Tech export boom will not cure China’s sick economy

State-of-the-art industries such as AI, robotics and EVs are unlikely to solve growth problems 

China’s high-tech revolution will fail to solve the problems lingering from a crippling property slump. Exporting its way out of economic stagnation will only trigger brutal trade wars, a major report by the Rhodium Group revealed this week.

In a shocking set of numbers based on official Chinese data and industry-specific sources, the study makes bleak reading. State-of-the-art industries, such as AI, robotics and electric vehicles, added just 0.8 percentage points to economic growth in the past three years.

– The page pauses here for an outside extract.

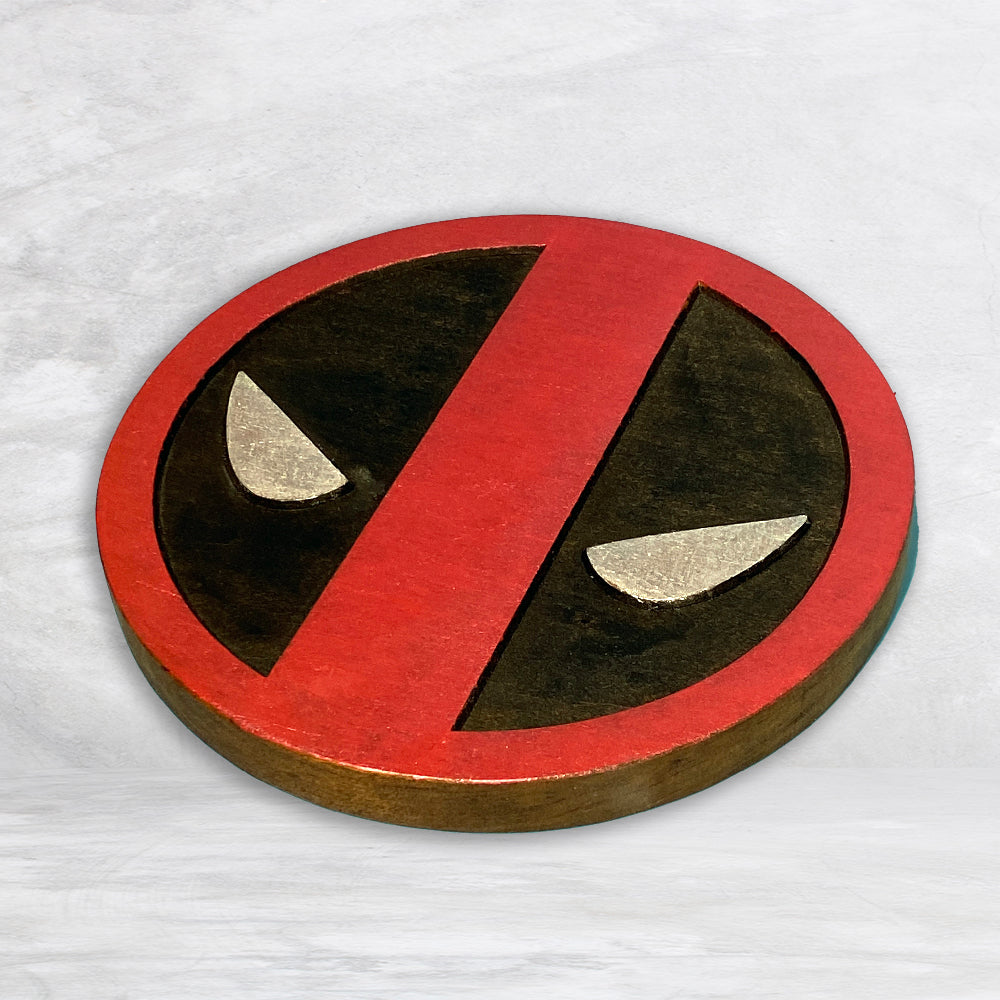 Deadpool Round Wood Sign - Painted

During the same period, the real estate and legacy industrial sectors plunged by a combined six percentage points. The New York-based think tank also sounded the alarm on Beijing’s new five-year development plan, which will be rolled out in March.

“China’s growth strategy isn’t going to work. They’re not going to achieve their targeted rates of GDP growth based on the policies they have outlined so far,” Logan Wright, a partner at Rhodium and a co-author of the report, told CNBC.

Figure it out:

  • The study, entitled China’s “New” Strategic Industries Will Not Produce 5% GDP Growth, warned of the dangers ahead to its self-reliance policy.
  • The world’s second-largest economy “will remain even more reliant upon exports in the future,” leaving it “vulnerable to new trade restrictions.”

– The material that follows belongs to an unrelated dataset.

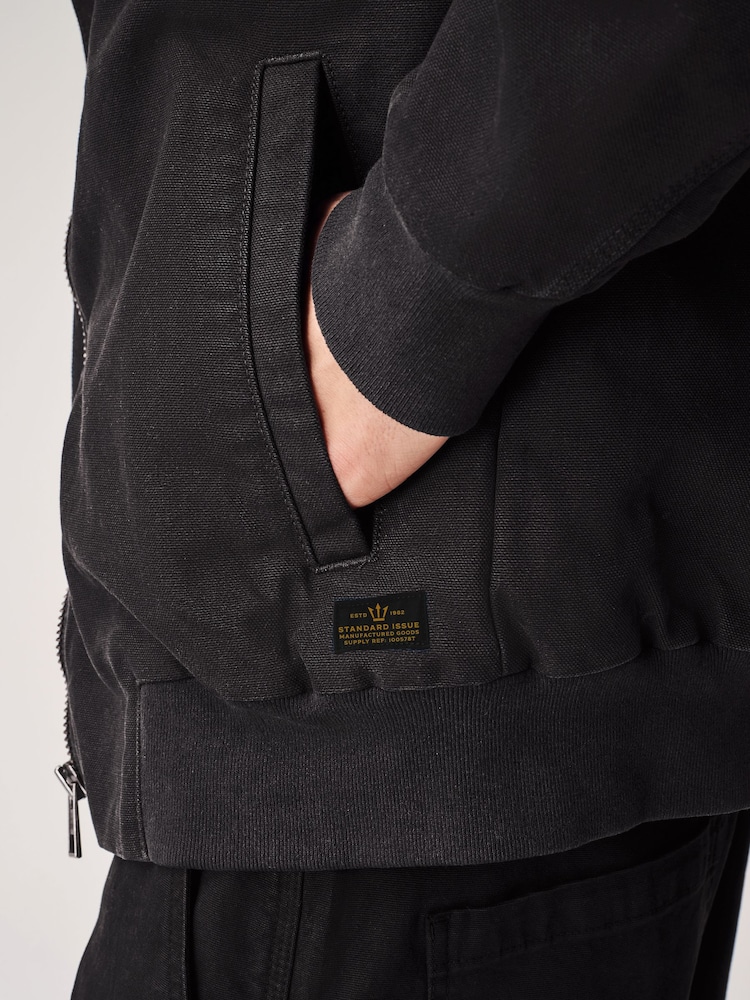 Noir - Veste de travail à capuche zippée 100% coton - Image 10 of 15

Overall, China’s economy is in a transitional phase

China Business Spotlight

Delve deeper: “China’s past economic performance has clearly been overstated, particularly since the decline of the property sector in 2022,” the Rhodium report stated, a veiled reference to what China Factor has been reporting for the past three years.

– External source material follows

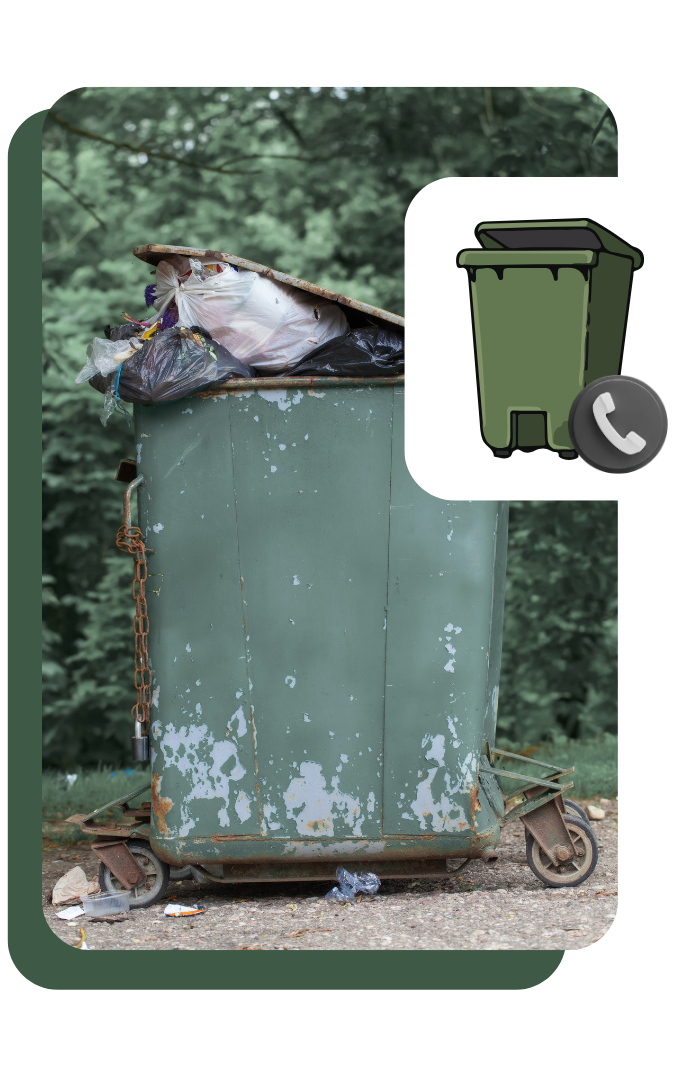 Dumpster container positioned near curb for scheduled pickup service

Between the lines: By using “self-deception,” Xi’s regime has been able to hide the stench of stagnation amid rampant deflation and anemic domestic demand. Evaporating household wealth and rising unemployment have only added to an economic “doom loop.”

Big picture: “Overall, China’s economy is in a transitional phase. This shift is boosting exports and parts of industry, but it is no substitute for a sustainable domestic market,” China Business Spotlight reported earlier this week.

Bottom line: “[But] as long as consumption and household confidence [struggle], the recovery will remain vulnerable. Structural reform is progressing, but without a broader demand base, it lacks the foundation for lasting stability,” it stated.

China Factor comment: In the end, President Xi Jinping and the ruling Communist Party are only interested in pushing the line of an economic and high-tech superpower. Even if that means dumping critical economic data points, which do not back up that narrative.